CSE 347 Analysis of Algorithms, Spring 2017

Sections

Section 1: Tuesday and Thursday, 4:00-5:30 PM, Crow 204.
Instructor: Brendan Juba
Office Hours:   Tuesday and Thursday, 5:30-6:15 PM (after class), Jolley 508
Email:   first initial last name at wustl

Section 2: Monday and Wednesday, 10-11:30 AM, Lopata Hall 202
Instructor: Robert Utterback
Office Hours:   Mondays 11:30 AM-12:30 PM and Thursdays 2-3 PM, Jolley 517
Email:   first name dot last name at wustl

Teaching Assistants

Henry Chai
Office Hours:   Thursdays, 10-11 AM, Lopata 201

Roger Iyengar
Office Hours:   Tuesdays, 11 AM-noon, Urbauer 114

Cindy Le
Office Hours:   Mondays, 2-3 PM, Urbauer 116

Renee Mirka
Office Hours:   Mondays, 5-6 PM, Jolley 517

Zimu Wang
Office Hours:   Fridays, 5-6 PM, Urbauer 116

Wenjia Zhang
Office Hours:   Wednesdays, 3-4 PM, Jolley 517

Grading Assistants

Connor Basich
George Fei

Description

Introduces techniques for the mathematical analysis of algorithms, including randomized algorithms and non-worst-case analyses such as amortized and competitive analysis. Introduces the standard paradigms of divide-and-conquer, greedy, and dynamic programming algorithms, as well as reductions. Also provides an introduction to the study of intractability and techniques to determine when good algorithms cannot be designed.

Pre-requisites

Formally, CSE 247. Informally, this class will demand "mathematical maturity." This means that you should be comfortable reading and producing mathematical arguments, i.e., "proofs." A key part of this course will be coming up with and clearly presenting such proofs on the homework.

Textbook

We will use Algorithm Design by Jon Kleinberg and Eva Tardos. Homework problems will be assigned from the text. I will also indicate which sections of the text correspond to lectures, when these are available.

Piazza

All students enrolled in the class are automatically signed up for Piazza, a website for facilitating discussions about classes. Please register as soon as you receive the e-mail, if you haven't already. All questions that are not of a personal nature should be posted to Piazza. You will find it helpful when your classmates have already asked a question for you, with an answer already posted. But, in order to sustain this, you must ask your questions to Piazza as well, and so we will strictly maintain this policy.

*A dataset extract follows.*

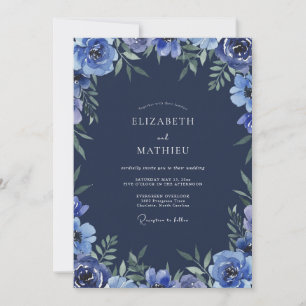 Invitación Boda Flor de Anémona Cobalto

The Piazza page for this class is located at piazza.com/wustl/spring2017/cse347/home

Homework, Exams, and Grading

Tentatively, there will be eight homework assignments, a midterm exam, and a final exam. The homeworks will be worth 40% of the grade, the midterm will be worth 25%, and the final exam will be worth 35%. The final exam is cumulative.

Homework is an essential component of this course and lectures will sometimes refer to the results of homework problems. We will be using electronic homework submissions this semester: your homeworks will need to be electronically typeset and submitted via Blackboard. Please see the E-Homework Guide for details on how to submit your homework assignments and retrieve your graded assignments. The course schedule contains a tentative schedule for the homework assignments. Homework will be due at 11:59PM on the indicated day. You have a total of  4  6 late days per semester at no grade penalty. At most two days late may be used per assignment. If you have used up these four six late days, your score will be reduced by 25% off of the total (not yours) score per late day. (Note that days on the weekend still count as late days!)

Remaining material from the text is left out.